Come nella pièce teatrale di Ennio Flaiano “Il Marziano a Roma”, la lunga apparizione in pubblico di qualsivoglia novità eccezionale finisce per farla scivolare gradatamente nella normalizzazione banalizzante; così anni di esposizione mediatica stanno rarefacendo l’aura di ineffabile eccezionalità che avvolgeva i presunti alieni pentastellati. Grazie al fenomeno “chiamato” – di volta in volta – assuefazione o metabolizzazione.

Quindi, se ci stiamo predisponendo all’ipotesi di un governo Cinquestelle nelle fatidiche elezioni previste per l’anno prossimo, allo stesso modo impariamo a sdrammatizzare buona parte dell’apparato retorico del Movimento; una volta sottoposto alla prova finestra dell’applicazione quotidiana (e ai suoi effetti demistificanti). In primo luogo inizia a essere smontata la mitologia dell’e-democracy; la presunta qualità sorgiva della creatività popolare canalizzata dalla rete.

A parte l’ormai accertata sporadicità dell’effettiva partecipazione online, come ne danno ennesima conferma le “comunarie” per pochi intimi che stanno individuando i candidati sindaci del M5S per le imminenti amministrative (mettendo da parte il penoso affaire Cassimatis di cui già più volte si è detto), la democrazia rivestita digitalmente può dare utili contributi – consultivi e sensibilizzanti – nella circolazione preliminare delle informazioni, mentre la fase dell’elaborazione vera e propria richiede ben altro della raccolta di luoghi comuni a mezzo crowdfounsourcing. Come lo sta a dimostrare il secondo capitolo elaborato a mezzo click dai militanti M5S:la presunta “politica estera 2.0” Cinquestelle. Ossia un’imbarazzante raccolta di luoghi comuni all’insegna di un barcamenarsi che riporta alla memoria la tradizione italica dei giri di valzer; che nel secondo dopoguerra furono appannaggi andreottiani e morotei.
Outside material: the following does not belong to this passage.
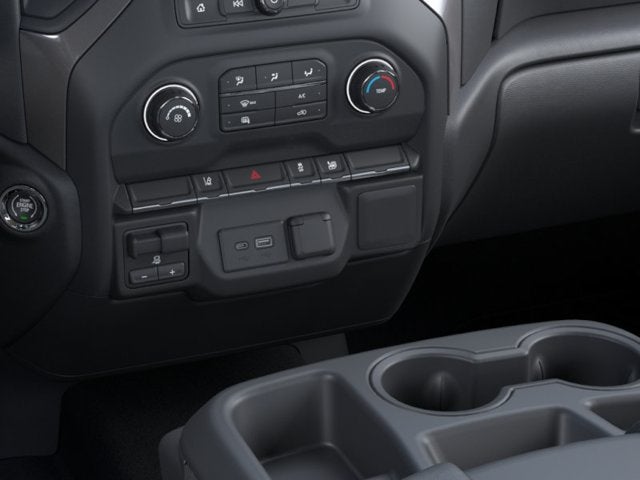 2026 Chevrolet Silverado 2500HD Custom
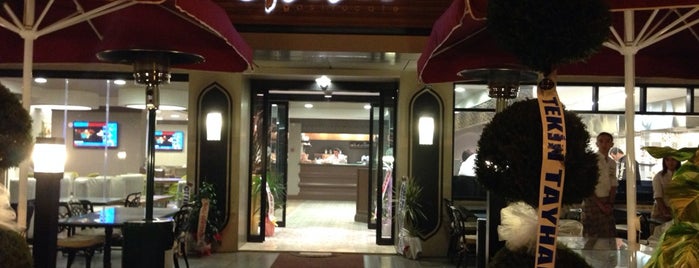 Gani GastroCafe is one of สถานที่ที่บันทึกไว้ของ Ertan.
D’altro canto perfino la tanto strombazzata costituzione islandese, presunta apoteosi del “2.0”, ha dimostrato che la faccenda è un po’ più complicata di quanto pensino gli apprendisti stregoni della democrazia liquida: infatti, dopo un po’ di passaggi rituali su Facebook, Twitter, Youtube e Flickr, il testo in questione è finito nel marzo 2013 sotto le forche caudine del Parlamento di Reykiavik che lo ha ampiamente rimaneggiato e affossato.

Ma prima ancora dell’appiattimento dei contenuti imposti dalle procedure, quanto sta emergendo in maniera inquietante è l’arcaicità dei modelli culturali proposti dai sedicenti iper-moderni chiamati a costituire la nuova classe dirigente 2.0. E non sono soltanto le gaffe o gli svarioni storici/geografici/culturali – dal Pinochet Venezuelano al sociologo Gallini – in cui da tempo incappa il personaggio di punta dell’annunciato rinnovamento; il vice presidente della Camera Luigi Di Maio.

Il sospetto di inadeguatezza, che sta diffondendosi, nasce dalla sensazione di trovarsi davanti a palesi casi di parvenu senz’arte né parte, i cui limiti sono stati portati alla luce dalla sovresposizione mediatica. Il giovane Di Maio – infatti – più parla e più rivela la provenienza da un milieu neppure sfiorato dalla modernizzazione, quale il profondo Sud della periferia campana intrisa di umori retrogradi e reazionari. L’Italia che Edward Banfield rappresentava negli anni Cinquanta con la categoria del “familismo amorale”. Per cui i rumeni sono tutti ladri e la domenica i negozi vanno chiusi perché il consesso parentale possa riunirsi felicemente attorno al desco imbandito, dopo la rituale celebrazione della santa messa. L’orizzonte da Strapaese neppure lambito da processi di secolarizzazione, che ci riporterebbe al tempo in cui “Cristo si fermava a Eboli”.

Consegnare uno Stato, che comunque aspira a essere avanzato, a questi personaggi col vestitino della festa da sposo di paese sembra l’anticamera del ritorno al passato. Come promettono suicidi civili gli altri strapaesani Renzi e Salvini; per non parlare del falchetto brianzolo Berlusconi.